Robert Gillette ’59 was riveted by the snippet of conversation his daughter-in-law overheard and recounted. It had been between a guest at the Hyde Farmlands Bed and Breakfast in Burkeville, Va., and a young waitress:
“What are those log buildings all in a row in the back yard?” asked the guest.
“Those are the Jew huts. There were these people called Jews who lived there,” the waitress replied.
As Gillette writes in the introduction to The Virginia Plan: William B. Thalhimer and a Rescue From Nazi Germany (The History Press, 2011) his reaction was immediate. “’Jew huts’ on a Virginia farm? ‘People called Jews’?’”
“Four years later,” he writes, “I now know what that waitress was talking about…. The story is a veritable saga that began in the tumultuous years of the 1930s. It is the true story of the rescue of 21 Jewish adolescents from Nazi Germany through the efforts spearheaded by William B. Thalhimer of Richmond, Va. My questions, like incessant mayflies swarming on a Virginia field, multiplied. Who were these adolescents? What were their lives like in Germany during the rise of Hitler? How did they escape? … And above all, who was this William Thalhimer, and what drove him to help the refugees?”
Gillette answers all those questions and more in this well-crafted, thoroughly researched history of an almost unknown aspect of World War II history: Virginia department store owner William Thalhimer and German social psychologist Dr. Curt Bondy, through steadfast and determined efforts, provided refuge for a number of young Jewish students living in Nazi Germany. The students, trained in agricultural science at the Gross Breesen school, headed by Bondy, studied and worked with hope that these new skills would allow them to be granted visas. In America, Thalhimer prepared their future community, collaborating with Bondy despite the ocean and cultures between them.
It was during his painstaking research that Gillette made a personally heartwarming discovery: one of these students was Werner “Tom” Angress ’49, a fellow Wesleyan alumnus, who plays an enormous role in the book. Angress, who lived for several years at Hyde Farms, then served in the U.S. Army in Europe. His letters to Bondy detailed burying the dead prisoners who had been held in a concentration camp near his hometown. Angress returned to the United States and, on the G.I. Bill, attended Wesleyan, graduating Phi Beta Kappa and becoming a history professor and writer. His daughter, Nadine, also attended Wesleyan, graduating in 1990
Sadly, Angress died not long before Gillette’s book was finished. “I wish he could have read it before he died,” said Gillette. “He was very proud of his Wesleyan days and we chatted about some of the professors we had experienced and admired
“They never forgot Curt Bondy’s influence and lifelong dedication to their welfare,” writes Gillette of the Gross Breeseners, in conclusion. “They never forgot those who gave their lives for their safety and rescue. They never forgot how William B. Thalhimer fought for their immigration and saved their lives by bringing them to Hyde Farmlands in Burkeville, Va.”
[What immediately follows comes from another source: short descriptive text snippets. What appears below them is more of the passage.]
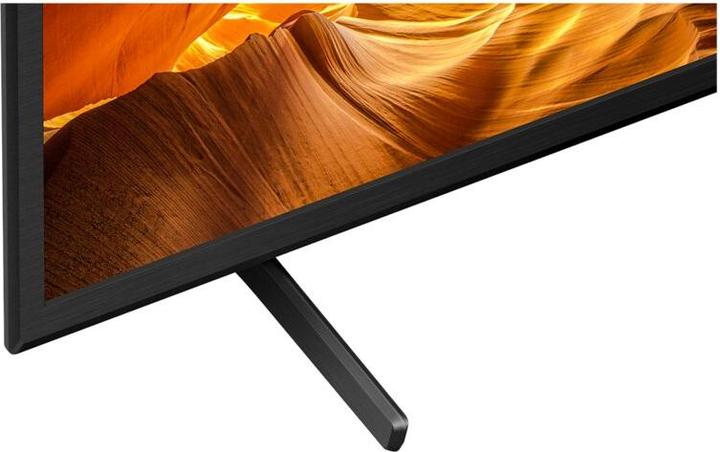 Actual product image Sony KD-50X73K (50", LCD, 4K, 2022)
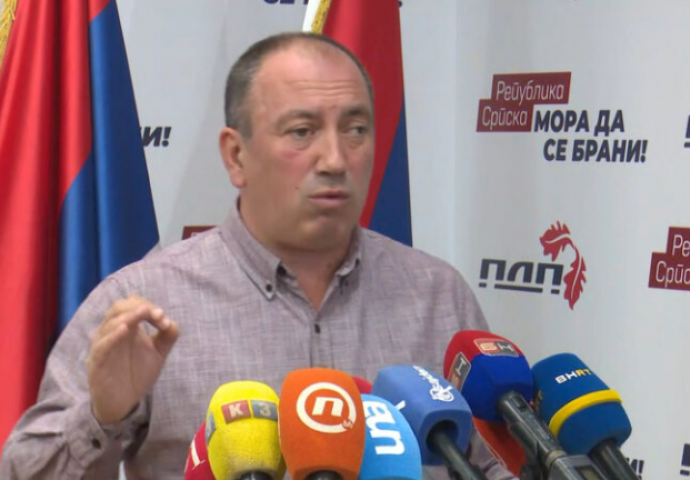 “Ne može se drugačije završiti nego ponavljanjem izbora za predsjednika RS”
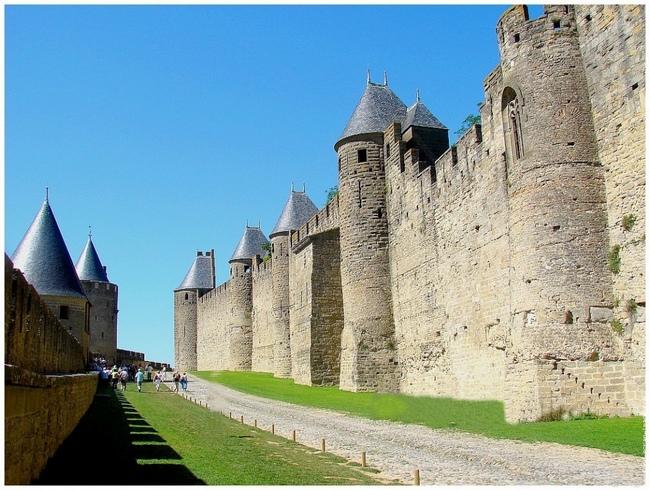 Gites Ruraux et chambres d'hôtes dans l'Aude location gites aude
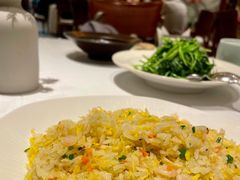 -扬州香格里拉·香宫中餐厅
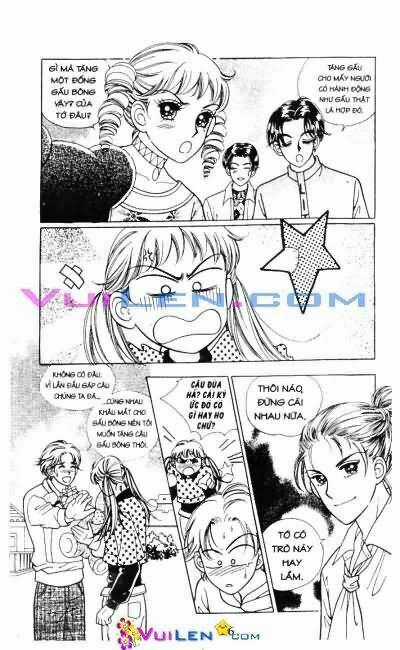 Hợp Đồng Nô Lệ Chapter 6 trang 25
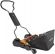 Газонокосарка і травосбірник Fiskars StaySharp Max (1001658)
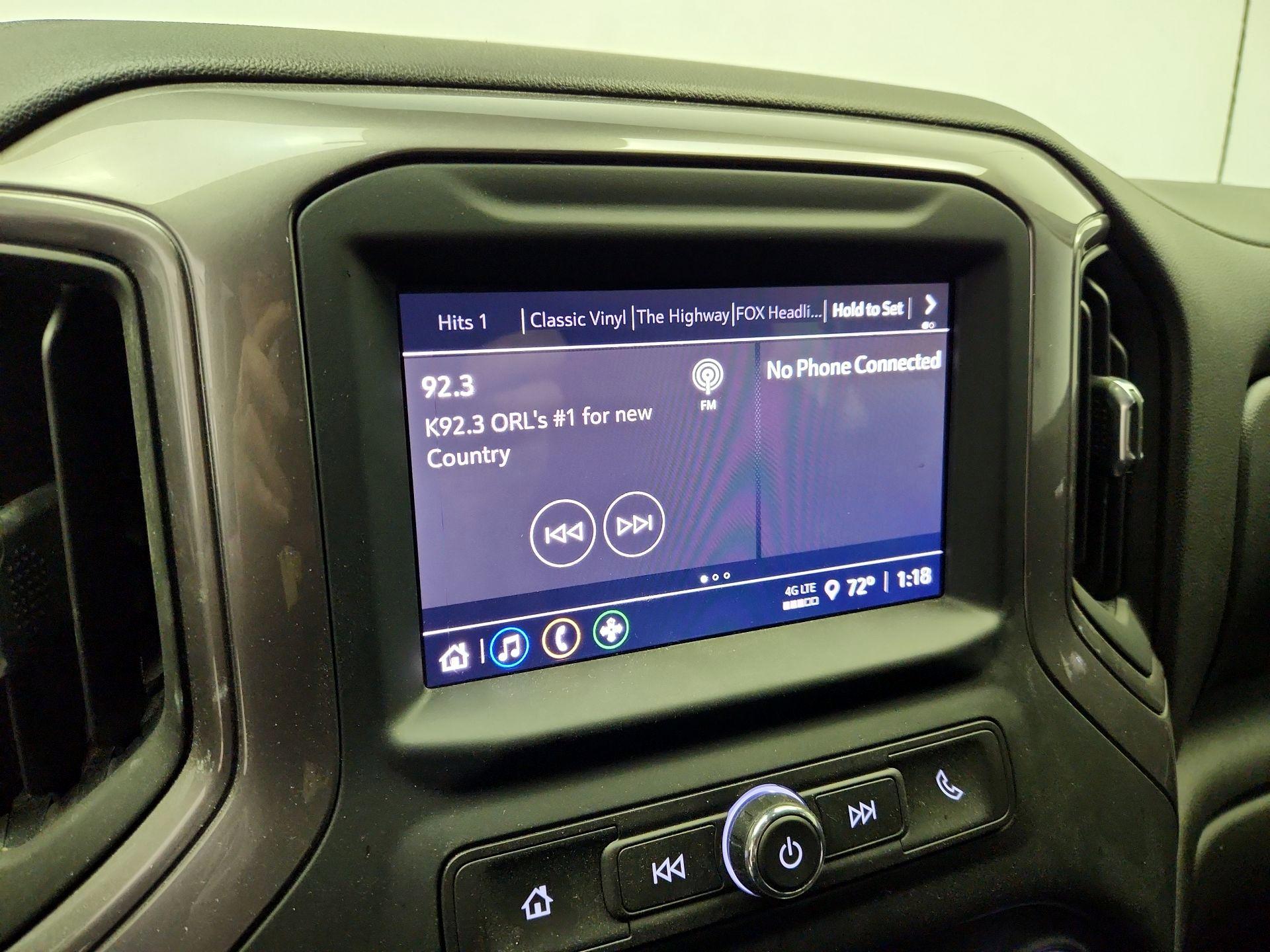 Thumbnail: 2024 Chevrolet Silverado 1500 - 15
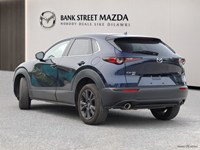 2022 Mazda CX-30 GT w/Turbo AWD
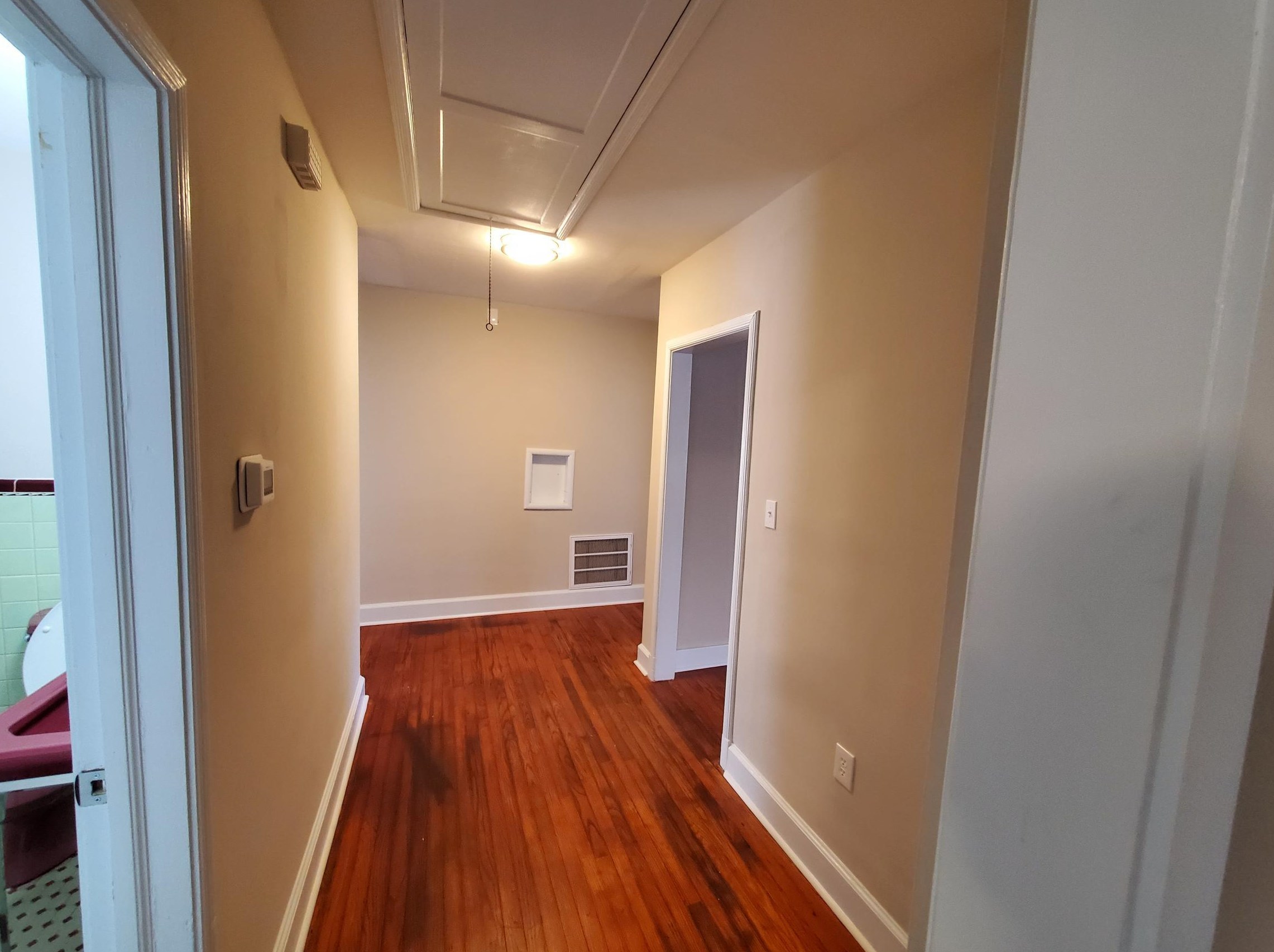 2706 Lakewood Dr, Augusta GA 30904-5240 exterior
Gillette notes that the book continues to receive attention. The Virginia Plan has been nominated for the 15th Annual Library of Virginia Literary Awards in the non-fiction category. It has been selected for the Festival of the Book (Virginia Humanities Commission) held at the University of Virginia in March, as well as for Lynchburg Reads 2012. Additionally, the Museum of Jewish Heritage in New York will feature the story and the book in their exhibit this year that will deal with “Americans Who Saved.”
Gillette’s study of this era continues. He is currently reading Nazi Conquest through German Culture, written by Ralph F. Bischoff ’29, and published by Harvard University Press in 1942. “This publication was made possible by a grant from Wesleyan University Research Funds,” Bischoff wrote in his preface. At the time of Angress’s application to Wesleyan, Bischoff was assistant professor of government and dean of admissions. “One can only imagine the content of the conversation between Tom Angress and Bischoff during the admission interview,” says Gillette. “Bischoff spoke German and had done research in Germany as late as 1938.”